Exciting news has recently been uncovered as the administration announced the secret meaning behind the iconic slogan “A University on the Rise.” While seemingly a somewhat-truthful tagline regarding the improvement of campus, the phrase was actually a clue as to the final plans for construction on campus: the transformation of Stevens into a self-sustaining, fully-functioning airship capable of staying in the air for several months at a time.

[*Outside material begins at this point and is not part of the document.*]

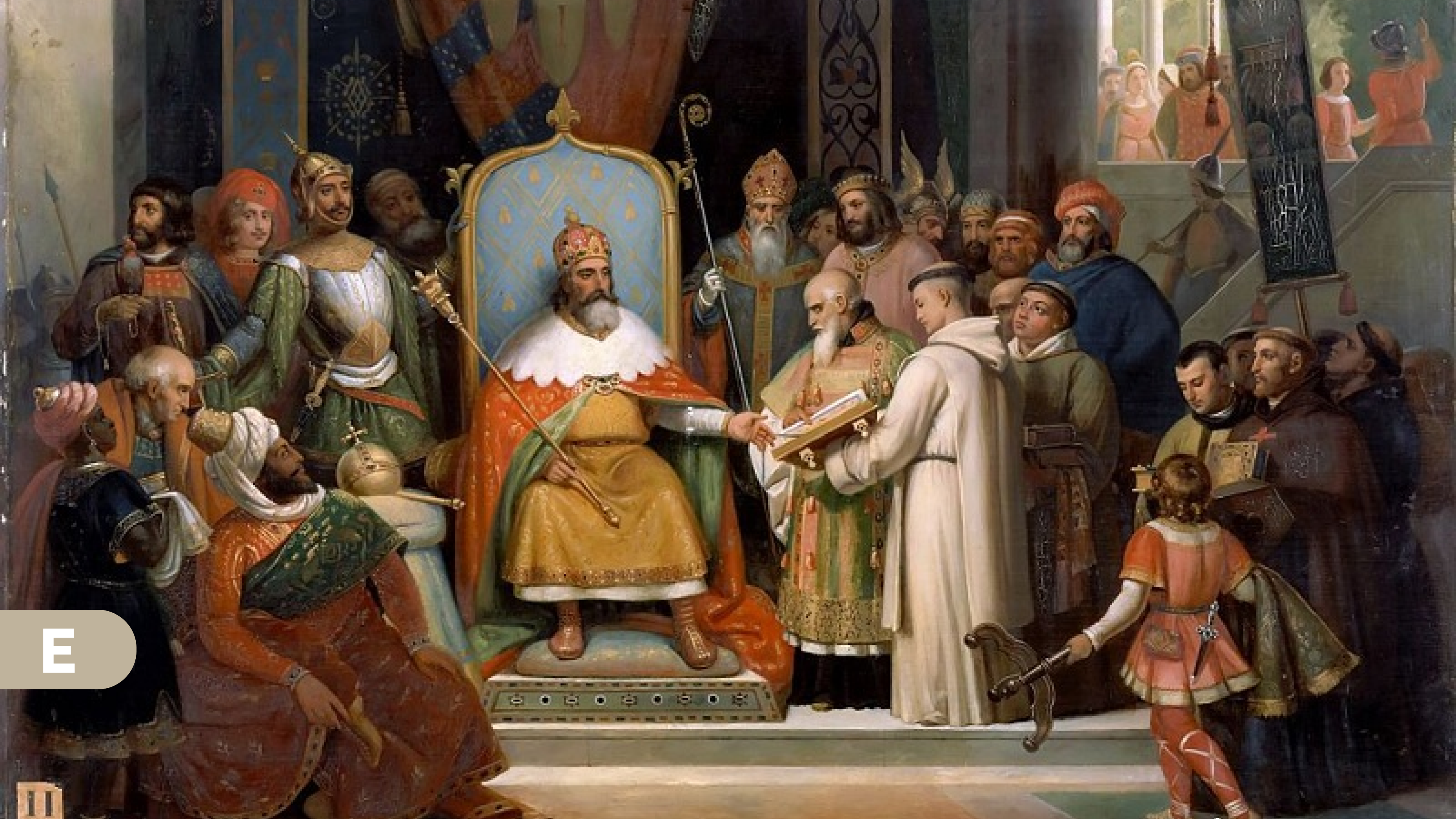 Az uralkodói hatalom és korlátai (hűbériség, rendiség, rendi monarchia)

The project, worked on in secret by the Mechanical Engineering department, is finally ready to be unveiled to the public.
“The idea first came up when President Farvardin watched Pixar’s Up,” one of the spokesmen for the project described. “We got a call at two in the morning; work started the next day.”

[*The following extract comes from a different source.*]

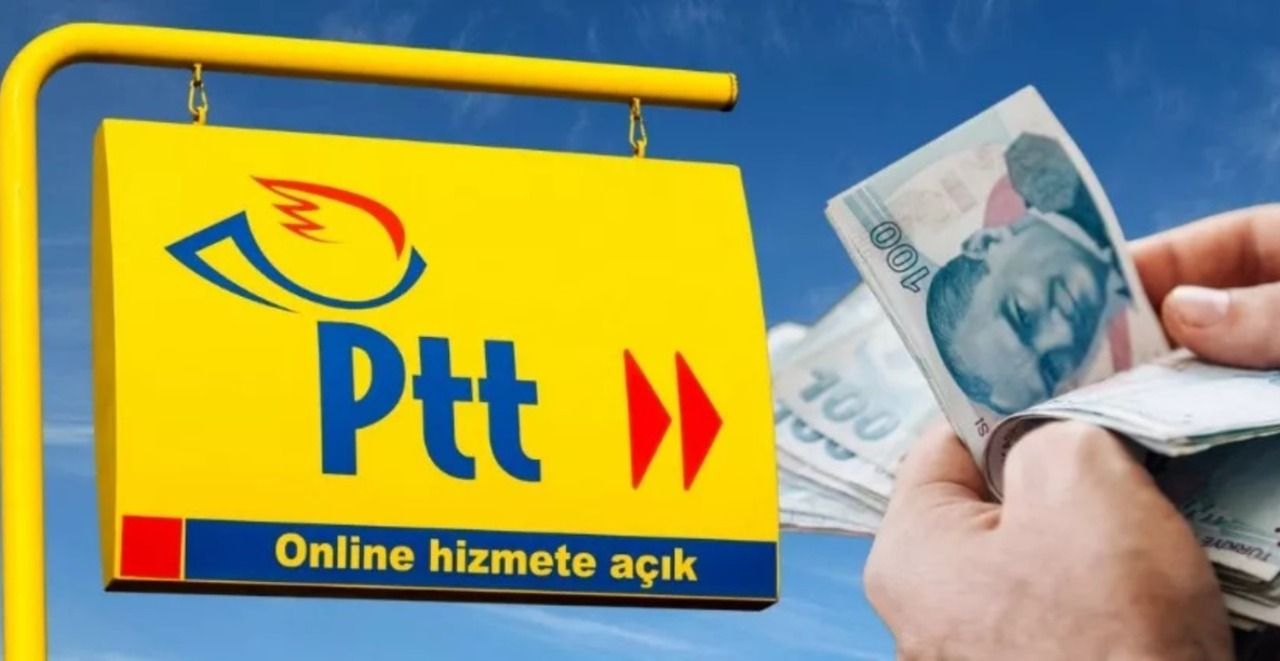 Bakanlıktan açıklama geldi: PTT'ye başvuran 2 bin 891 TL ödeme alacak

“Have you seen Up?” Farvardin asked in a private interview. “They lift up a whole goddamn house! With balloons! It’s outrageous! What’s the point of having a school full of engineers at your disposal if you can’t get them to do cool stuff?”

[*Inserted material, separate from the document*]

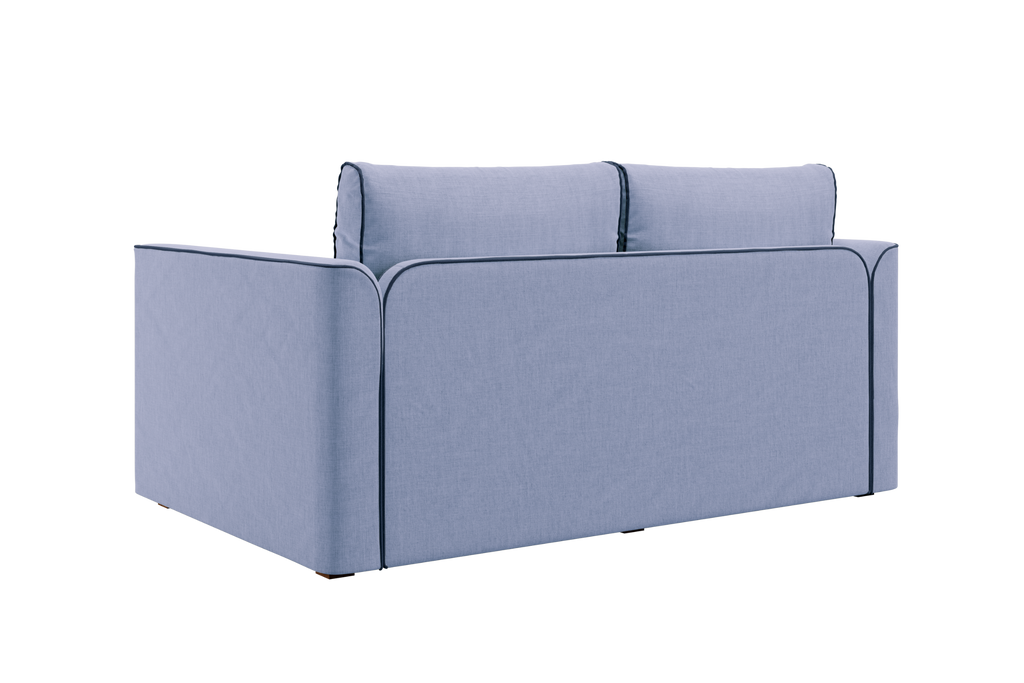 The Eclipse Sleeper Sofa in Hemp Blend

Millions upon millions of balloons have been strapped onto every building on campus, all of them in the iconic red and gray Stevens colors. Once Farvardin says the word, these buoyant miracle workers will unleash their magic onto the unsuspecting campus, dragging all of the buildings into the mercy of the skies. Once in the air, students will have to zipline between buildings to get to their destinations, a fact that has unnerved some of the more height-sensitive students, or “wussies,” as they are referred to by the administration. “People are saying that we should strap balloons onto the shuttles, too, and carry students around that way,” one administrator said. “But what’s the point of being in the air if you’re going to hide away in a car? I can’t handle these absolute cowards that are getting in the way of our God-given right of being a University on the Rise. If they fall, they fall.”
Though the entire enterprise is undeniably awesome, there are still some naysayers, even within the administration. “If we leave the ground, then we’ll lose the deposit for the flowers we got for Accepted Students Weekend,” the head gardener lamented. “You know how difficult it is to plant hundreds of flowers in like three days? I’ve got dirt all over my good overalls!”
The school’s escape to the clouds has also angered some students, who regard “University on the Rise” as little more than propaganda. “NYU went airborne over seven years ago!” one impassioned student said in an interview earlier this week. “And their mascot isn’t even a bird! How can they expect us to believe that Stevens is the Innovation University when we’re so far behind on the times?”
Critics have also expressed concern about how this change is going to affect the ungodly amount of construction currently plaguing campus, with the Gianforte Academic Center nearing completion and Hayden and Davis about to be shamelessly destroyed to make room for the Towers of Innovation. “People act like we don’t know what we’re doing,” said one administrator, “which is completely unfair — obviously we’ve thought about how to continue construction in the air. What we’re doing is we’re going to tie a balloon to each brick and set them loose so that they float up to the construction site. It’s a foolproof plan.”
As hundreds of balloons and tanks of helium arrive at campus each day to prepare for take-off, everyone on campus is waiting with bated breath for the day we slip the bonds of this mortal earth and fly unburdened into the great unknown. Once that happens, maybe those fences will actually be true.